O treinamento em serviço acontece nas unidades de saúde da família onde o profissional atua, dentro da perspectiva multiprofissional e interdisciplinar. Os residentes são acompanhados por preceptores que dedicam quatro horas semanais para essa atividade, quando são discutidas as dificuldades durante o processo de trabalho, os casos mais graves são acompanhados pelo preceptor, além da realização de trabalhos em parceria, residente - preceptor.

DINÂMICA DE ENSINO: LAPIDANDO O OBJETO DE TRABALHO DA ENFERMAGEM

Como a principal atividade da residência está centrada no treinamento em serviço, de agora em diante, nos deteremos na descrição desta experiência que se concretiza principalmente através da preceptoria. Os residentes da área de enfermagem são supervisionados por enfermeiros, vale salientar que, como o Programa Saúde da Família se baseia numa lógica interdisciplinar, há momentos da supervisão que são realizados por outras áreas. Cada residente deve ter no mínimo uma visita semanal de quatro horas em seu local de treinamento. Estas visitas têm o intuito de acompanhar o processo de trabalho do profissional, quando serão discutidas e avaliadas as condutas dos residentes. São priorizados a organização do serviço, manejo de casos complexos, atividades dos programas, atividades comunitárias de promoção e educação em saúde.

Nossa experiência como preceptoras da enfermagem vem sendo construída com base nos problemas práticos que emergem no dia-a-dia das equipes e do trabalho de cada enfermeiros nas unidades do PSF. A implantação da residência põe-se como um desafio, pois sua característica interdisciplinar é algo que até o momento não foi desenvolvido no sistema de ensino do Brasil.

Nos quatros meses de atividades de preceptoria, já podemos descrever alguns caminhos e a dinâmica de ensino que temos trilhado. Podemos dividir essas experiências em 5 áreas: atividades coletivas de promoção à saúde, organização do serviço, mobilização e participação comunitária, atividades de pesquisa e desenvolvimento da enfermagem clínica.

A preceptoria de enfermagem dirigida para a pesquisa iniciou com o" Estudo das condições de Saúde, Educação e Vida das crianças de 5 a 9 anos da zona urbana do Município de Sobral" e tem o objetivo de atender, até abril deste ano, 4000 crianças.
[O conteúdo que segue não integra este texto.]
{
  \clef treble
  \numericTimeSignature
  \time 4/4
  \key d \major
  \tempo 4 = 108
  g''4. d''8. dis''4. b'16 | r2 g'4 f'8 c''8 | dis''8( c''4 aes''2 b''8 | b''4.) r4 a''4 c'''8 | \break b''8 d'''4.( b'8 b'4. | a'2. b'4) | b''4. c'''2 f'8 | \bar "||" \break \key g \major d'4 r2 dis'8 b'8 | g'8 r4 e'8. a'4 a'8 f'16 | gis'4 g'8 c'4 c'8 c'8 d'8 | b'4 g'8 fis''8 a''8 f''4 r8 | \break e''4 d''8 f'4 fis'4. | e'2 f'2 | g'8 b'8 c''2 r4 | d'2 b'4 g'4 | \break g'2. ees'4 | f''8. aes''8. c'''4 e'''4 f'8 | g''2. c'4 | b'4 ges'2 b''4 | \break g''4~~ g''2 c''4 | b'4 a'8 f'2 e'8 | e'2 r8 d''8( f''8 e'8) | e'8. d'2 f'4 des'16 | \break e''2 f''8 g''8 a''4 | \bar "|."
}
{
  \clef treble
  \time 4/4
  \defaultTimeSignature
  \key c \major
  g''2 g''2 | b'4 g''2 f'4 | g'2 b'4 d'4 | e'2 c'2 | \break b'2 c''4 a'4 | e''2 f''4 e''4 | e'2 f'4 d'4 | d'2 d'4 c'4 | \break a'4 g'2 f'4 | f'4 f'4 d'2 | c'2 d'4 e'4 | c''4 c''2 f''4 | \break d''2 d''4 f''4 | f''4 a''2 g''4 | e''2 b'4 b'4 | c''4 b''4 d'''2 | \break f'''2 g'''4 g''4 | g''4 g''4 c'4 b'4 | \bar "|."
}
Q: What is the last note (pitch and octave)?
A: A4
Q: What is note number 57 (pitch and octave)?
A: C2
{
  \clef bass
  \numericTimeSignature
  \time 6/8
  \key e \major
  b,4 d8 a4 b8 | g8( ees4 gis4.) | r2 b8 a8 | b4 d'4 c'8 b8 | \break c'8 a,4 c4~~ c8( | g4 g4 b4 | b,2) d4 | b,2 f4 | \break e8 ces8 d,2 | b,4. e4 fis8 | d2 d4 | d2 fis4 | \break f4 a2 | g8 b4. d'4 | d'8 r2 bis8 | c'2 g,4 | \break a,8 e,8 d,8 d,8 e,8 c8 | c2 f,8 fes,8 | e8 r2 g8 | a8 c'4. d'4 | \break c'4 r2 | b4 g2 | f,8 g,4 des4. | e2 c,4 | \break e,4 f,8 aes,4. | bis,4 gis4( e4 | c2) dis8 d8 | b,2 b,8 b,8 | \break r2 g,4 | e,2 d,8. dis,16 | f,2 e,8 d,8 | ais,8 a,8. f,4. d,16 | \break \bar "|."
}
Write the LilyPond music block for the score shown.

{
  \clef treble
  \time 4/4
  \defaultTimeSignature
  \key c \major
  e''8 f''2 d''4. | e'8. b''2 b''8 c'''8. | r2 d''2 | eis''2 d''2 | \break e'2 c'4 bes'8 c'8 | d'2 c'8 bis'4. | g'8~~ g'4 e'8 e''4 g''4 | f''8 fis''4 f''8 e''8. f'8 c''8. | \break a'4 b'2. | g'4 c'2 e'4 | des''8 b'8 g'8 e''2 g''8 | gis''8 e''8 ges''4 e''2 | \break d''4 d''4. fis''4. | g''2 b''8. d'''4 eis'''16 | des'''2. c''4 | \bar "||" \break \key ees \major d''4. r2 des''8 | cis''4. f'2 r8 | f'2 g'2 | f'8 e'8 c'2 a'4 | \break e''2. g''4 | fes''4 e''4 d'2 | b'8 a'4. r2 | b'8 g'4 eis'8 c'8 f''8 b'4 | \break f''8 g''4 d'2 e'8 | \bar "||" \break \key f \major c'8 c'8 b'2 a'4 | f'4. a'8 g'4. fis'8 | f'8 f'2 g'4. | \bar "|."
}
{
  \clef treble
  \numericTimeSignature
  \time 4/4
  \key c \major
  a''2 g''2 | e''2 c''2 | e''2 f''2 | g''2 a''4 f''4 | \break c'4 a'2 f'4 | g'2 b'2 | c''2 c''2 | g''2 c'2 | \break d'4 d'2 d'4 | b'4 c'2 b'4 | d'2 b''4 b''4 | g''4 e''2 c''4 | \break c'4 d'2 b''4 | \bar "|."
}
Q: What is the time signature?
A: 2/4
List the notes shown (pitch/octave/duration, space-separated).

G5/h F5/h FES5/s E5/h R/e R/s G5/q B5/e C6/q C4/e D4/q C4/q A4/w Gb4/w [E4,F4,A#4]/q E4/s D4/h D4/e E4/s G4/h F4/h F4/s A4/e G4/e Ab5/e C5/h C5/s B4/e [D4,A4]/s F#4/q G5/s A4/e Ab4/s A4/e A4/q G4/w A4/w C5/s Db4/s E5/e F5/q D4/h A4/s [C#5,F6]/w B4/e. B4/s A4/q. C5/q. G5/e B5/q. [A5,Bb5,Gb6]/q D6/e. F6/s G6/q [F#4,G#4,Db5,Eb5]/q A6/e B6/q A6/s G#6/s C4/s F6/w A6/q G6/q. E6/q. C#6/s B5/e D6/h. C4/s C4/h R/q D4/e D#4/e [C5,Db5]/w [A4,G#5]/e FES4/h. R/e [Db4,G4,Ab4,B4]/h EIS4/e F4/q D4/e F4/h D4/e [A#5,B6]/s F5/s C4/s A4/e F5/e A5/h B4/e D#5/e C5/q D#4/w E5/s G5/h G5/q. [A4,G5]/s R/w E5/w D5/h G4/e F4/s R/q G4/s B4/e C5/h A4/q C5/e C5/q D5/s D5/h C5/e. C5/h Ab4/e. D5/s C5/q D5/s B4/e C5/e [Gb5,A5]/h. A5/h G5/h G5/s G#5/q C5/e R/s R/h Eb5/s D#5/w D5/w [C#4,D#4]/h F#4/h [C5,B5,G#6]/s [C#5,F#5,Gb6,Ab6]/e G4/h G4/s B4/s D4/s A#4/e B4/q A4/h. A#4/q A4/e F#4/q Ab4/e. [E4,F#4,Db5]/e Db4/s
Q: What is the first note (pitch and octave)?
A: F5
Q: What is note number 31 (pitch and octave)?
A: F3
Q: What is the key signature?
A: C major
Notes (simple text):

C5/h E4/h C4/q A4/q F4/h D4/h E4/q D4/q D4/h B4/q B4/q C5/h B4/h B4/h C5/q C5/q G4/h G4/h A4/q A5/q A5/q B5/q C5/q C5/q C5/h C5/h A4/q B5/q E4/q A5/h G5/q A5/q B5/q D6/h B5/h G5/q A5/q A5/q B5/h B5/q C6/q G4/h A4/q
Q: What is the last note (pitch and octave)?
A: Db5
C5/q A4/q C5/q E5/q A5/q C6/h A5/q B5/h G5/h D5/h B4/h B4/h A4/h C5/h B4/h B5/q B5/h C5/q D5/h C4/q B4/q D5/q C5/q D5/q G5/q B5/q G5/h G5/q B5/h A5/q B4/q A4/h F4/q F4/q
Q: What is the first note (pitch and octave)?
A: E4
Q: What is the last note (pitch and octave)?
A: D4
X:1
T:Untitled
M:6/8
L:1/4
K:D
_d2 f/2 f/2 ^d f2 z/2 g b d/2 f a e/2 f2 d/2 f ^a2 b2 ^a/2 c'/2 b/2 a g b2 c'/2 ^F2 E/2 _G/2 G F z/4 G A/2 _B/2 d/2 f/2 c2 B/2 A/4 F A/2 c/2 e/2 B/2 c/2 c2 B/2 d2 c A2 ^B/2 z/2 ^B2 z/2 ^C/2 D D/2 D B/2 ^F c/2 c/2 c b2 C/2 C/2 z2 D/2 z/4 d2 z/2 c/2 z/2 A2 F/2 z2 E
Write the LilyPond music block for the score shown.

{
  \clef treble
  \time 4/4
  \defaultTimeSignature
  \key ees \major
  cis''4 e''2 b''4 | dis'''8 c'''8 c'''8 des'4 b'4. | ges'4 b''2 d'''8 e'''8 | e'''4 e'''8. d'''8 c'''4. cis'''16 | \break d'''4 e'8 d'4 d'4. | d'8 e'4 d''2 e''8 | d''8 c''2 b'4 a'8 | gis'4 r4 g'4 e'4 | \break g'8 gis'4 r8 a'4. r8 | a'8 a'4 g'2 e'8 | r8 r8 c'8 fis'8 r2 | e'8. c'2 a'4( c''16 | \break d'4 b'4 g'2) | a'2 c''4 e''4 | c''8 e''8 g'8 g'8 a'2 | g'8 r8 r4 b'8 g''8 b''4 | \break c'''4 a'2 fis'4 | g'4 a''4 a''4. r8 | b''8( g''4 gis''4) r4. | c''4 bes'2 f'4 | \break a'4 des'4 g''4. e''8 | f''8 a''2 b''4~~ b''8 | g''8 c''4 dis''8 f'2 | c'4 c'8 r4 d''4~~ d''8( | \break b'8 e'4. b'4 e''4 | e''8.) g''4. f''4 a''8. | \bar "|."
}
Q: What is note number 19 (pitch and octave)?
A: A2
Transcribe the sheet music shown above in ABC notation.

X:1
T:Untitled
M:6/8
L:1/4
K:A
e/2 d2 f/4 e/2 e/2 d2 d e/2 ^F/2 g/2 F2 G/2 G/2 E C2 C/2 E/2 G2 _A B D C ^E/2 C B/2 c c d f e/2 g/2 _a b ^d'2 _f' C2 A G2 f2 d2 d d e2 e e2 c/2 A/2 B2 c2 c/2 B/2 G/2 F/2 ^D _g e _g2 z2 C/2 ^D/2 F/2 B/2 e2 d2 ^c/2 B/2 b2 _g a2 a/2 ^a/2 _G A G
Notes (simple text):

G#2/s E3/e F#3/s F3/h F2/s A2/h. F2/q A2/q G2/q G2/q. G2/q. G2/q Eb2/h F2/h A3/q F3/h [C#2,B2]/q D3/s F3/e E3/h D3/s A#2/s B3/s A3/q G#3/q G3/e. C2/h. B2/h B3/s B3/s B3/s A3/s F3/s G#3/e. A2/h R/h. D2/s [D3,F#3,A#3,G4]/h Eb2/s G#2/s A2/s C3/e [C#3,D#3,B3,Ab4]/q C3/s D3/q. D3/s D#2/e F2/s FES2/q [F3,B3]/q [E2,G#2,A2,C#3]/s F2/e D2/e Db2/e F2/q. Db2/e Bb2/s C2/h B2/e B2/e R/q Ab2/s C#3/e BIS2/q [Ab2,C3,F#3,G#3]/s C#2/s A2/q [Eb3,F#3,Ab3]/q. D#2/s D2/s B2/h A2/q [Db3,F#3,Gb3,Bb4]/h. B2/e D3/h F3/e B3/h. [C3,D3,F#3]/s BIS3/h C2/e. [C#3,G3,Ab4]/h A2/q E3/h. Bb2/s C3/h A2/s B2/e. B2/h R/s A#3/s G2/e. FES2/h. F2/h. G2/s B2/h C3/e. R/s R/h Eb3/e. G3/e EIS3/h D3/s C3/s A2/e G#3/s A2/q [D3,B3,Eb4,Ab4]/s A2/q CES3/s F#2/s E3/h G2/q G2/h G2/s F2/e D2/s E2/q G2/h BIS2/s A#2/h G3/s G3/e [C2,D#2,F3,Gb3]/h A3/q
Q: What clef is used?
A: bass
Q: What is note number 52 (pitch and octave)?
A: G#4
A pesquisa promove cursos e palestras a fim de capacitar os residentes para coletar dados fidedignos. O acompanhamento do preceptor de enfermagem da residência em saúde da família se dá no desenvolvimento da pesquisa durante a consulta de enfermagem, quando são investigados: nutrição, desenvolvimento estatu-ponderal, acuidade visual, níveis de pressão arterial, prevalência de anemia e de enteroparasitoses, como também, índices de violência e de acidentes.

Este estudo é um levantamento inédito no Brasil, pois a população estudada pouco comparece nos serviços de saúde. Os resultados dessa pesquisa constituirão um enorme banco de dados que poderá ser utilizado pelos residentes na elaboração de suas monografias de fim de curso de especialização.

A preceptoria de enfermagem tem buscado conteúdos para a prática do processo de trabalho e a reflexão dos alunos na organização dos serviços no âmbito local, de modo que atendam a dimensão do modelo proposto para o Programa Saúde da Família.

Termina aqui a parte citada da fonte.